Descendents return to tour family farm at NAS Whidbey

Kathy Lunsford didn’t want to leave. She had never been to the old farmhouse and barn steeped in her family’s history. Now that she was there as an invited guest to tour the home built by her great-great-grandfather Henry Riksen, the gravity of the experience made her stop and reflect. She thought back to the difficult choices Riksen and other Dutch farmers from Oak Harbor’s Clover Valley made in the early 1940s when they gave up their farm land, homes and in many cases their livelihoods to make way for Whidbey Island Naval Air Station.
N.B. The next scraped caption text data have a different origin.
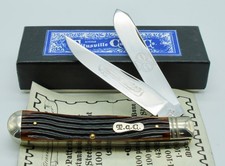 2008 TITUSVILLE CUTLERY Pecan Winterbottom Trapper /100 TC0819 QUEEN DANIELS SFO picture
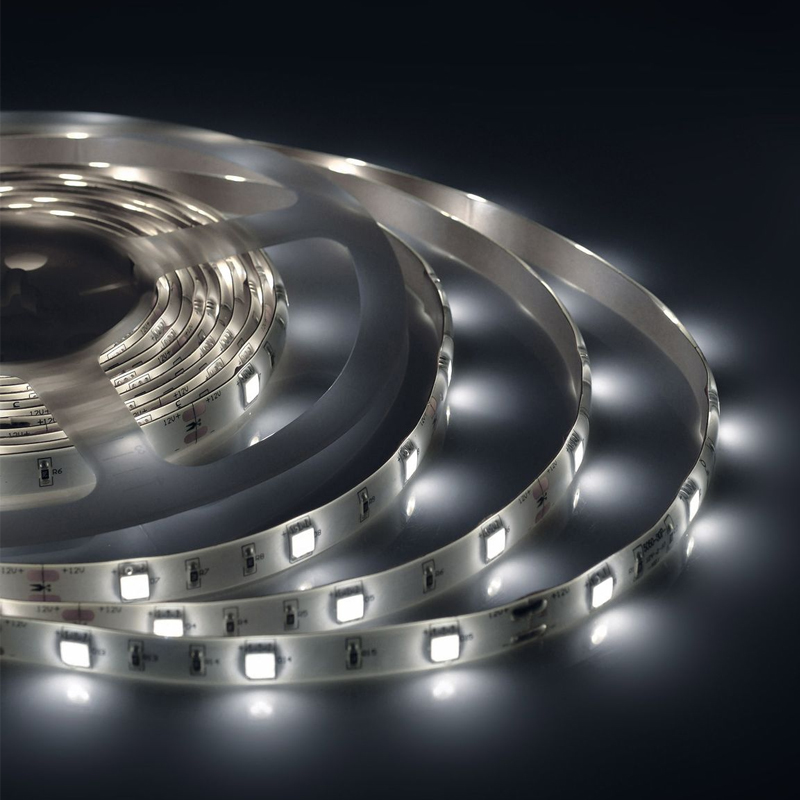 Светодиодная влагозащищенная лента 7,2W/m 30LED/m 5050SMD холодный белый 5M Белый Светодиодная влагозащищенная лента 7,2W/m 30LED/m 5050SMD холодный белый 5M Белый в Костроме | Loft Concept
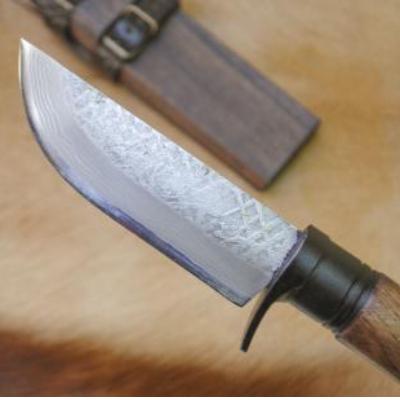 ふるさと納税 南国市 晶之作:土佐鍛 ソロキャンプ剣鉈『三色陽炎 [槌目磨] 』 ダマスカス15層青2鋼・黒ツバ |  | 03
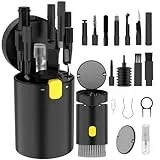 VICHYIE 20 in 1 Tastatur Reinigungsset mit Bürste, Kopfhörer Reinigungsset für AirPods 1/2/3/Pro, PC Reinigungsset Zubehör für Laptop, Handys, Tastatur, Ohrhörer, Kamera (Schwarz)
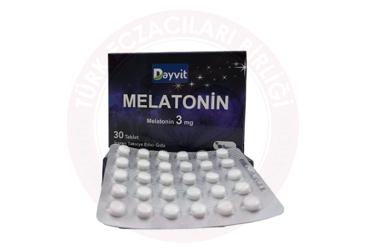 DAYVIT MELOTONIN ICEREN TAKVIYE EDICI GIDA TABLET  30 tablet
Kathy Lunsford didn’t want to leave.

She had never been to the old farmhouse and barn steeped in her family’s history. Now that she was there as an invited guest to tour the home built by her great-great-grandfather Henry Riksen, the gravity of the experience made her stop and reflect.

She thought back to the difficult choices Riksen and other Dutch farmers from Oak Harbor’s Clover Valley made in the early 1940s when they gave up their farm land, homes and in many cases their livelihoods to make way for Whidbey Island Naval Air Station.

The Navy purchased about 70 farms at that time for the base. Riksen was paid $25,000 for his property on 135 acres.

“They made a tremendous sacrifice,” Lunsford said. “It’s not like you and I moving. It’s ‘take everything you’ve worked for — everything — and leave and start over again.’ These guys were probably 50- to 60-years old when they asked them to do it, and there’s no retirement there. Their retirement is the farm and their kids supporting them with the farm.”

It is these acts by farmers in Clover Valley that Lunsford is hoping to memorialize by preserving the Riksen farm and perhaps turning it into a museum.

She was one of about 30 guests, mostly Riksen descendents and their spouses, invited by the Navy to tour the home and barn Tuesday.

The Riksen place is one of eight old farmhouses on federal property near Ault Field being considered for removal.

Remodeled and used for decades as base housing, the aging structures have gradually been phased out, leaving their future up in the air.

Forest City Enterprises, which owns the properties and leases the land from the federal government, is working with the Navy to decide what to do with them.

The review could take close to a year, said Greg Raap, vice president for Forest City’s Northwest Region.

“We have no intention to use them as housing,” Raap said. “We just have to figure out what the right thing to do is. We want to do the right thing.”

Kendall Campbell, cultural resource program manager for NAS Whidbey, is working with Forest City and the Washington State Historic Preservation Office to determine the fate of the farmhouses.

She’s done extensive research on the properties in the past year, including speaking to relatives and others to better understand their importance to the community.

The review includes consulting with the state to determine if the farmhouses are eligible for listing on the National Register of Historic Places, Campbell said.

So far, the Riksen farm has emerged as the property the community is most interested in saving.

Many of the other seven farmhouses are no longer at their original sites.

Another farmhouse was restored and is being used for military housing, Raap said.

“We wanted to keep one representative example of the farmhouses operating,” Raap said. “The big question is, ‘What is appropriate for those remaining eight houses?’ I don’t know what the answer is.”

So far, much of the preservation efforts have focused on the Riksen farm, which includes a farmhouse and massive barn, among other structures.

Henry Riksen was among the first group of immigrants of Dutch descent who came to Whidbey Island from Michigan in the late 1800s attracted to the fertile farm lands. He settled in Clover Valley, built the farmhouse around 1900 and had a massive round top barn constructed using timber from the property.

The Navy invited Riksen descendents and others to tour the structures.

Among them was Oak Harbor’s Karen Van Dam, whose great-great-aunt Jane married Henry Riksen.

“This is a piece of our history,” Van Dam said. “It would be so neat if we could preserve it.”

Feedback from the tour is part of the process of measuring the property’s local historic importance.

These measures are sometimes difficult to determine.

“When you look at what makes a building significant, it’s feeling, characteristic, integrity,” Campbell said. “So what’s feeling?

“When I drive into Oak Harbor and I see something on the Seaplane Base, does it evoke a feeling, a memory? That’s hard to do.”

The Riksen farm visit stirred up plenty of memories and served as somewhat of a family reunion in the process.

Van Dam and Lunsford both would like to see consideration made to turn the farmhouse into a museum to honor both the early pioneers who farmed the land there and naval history. The property is on federal land but is located outside of the Langley gate with the sights and sounds of aircraft nearby.

Their hope was to see if the PBY Memorial Foundation might be interested in the site, however, that museum will be moving to the location of the former Whidbey Furniture store on Pioneer Way some time in May.

“It would be great for people to have a chance to see part of naval history and pioneer history,” Van Dam said.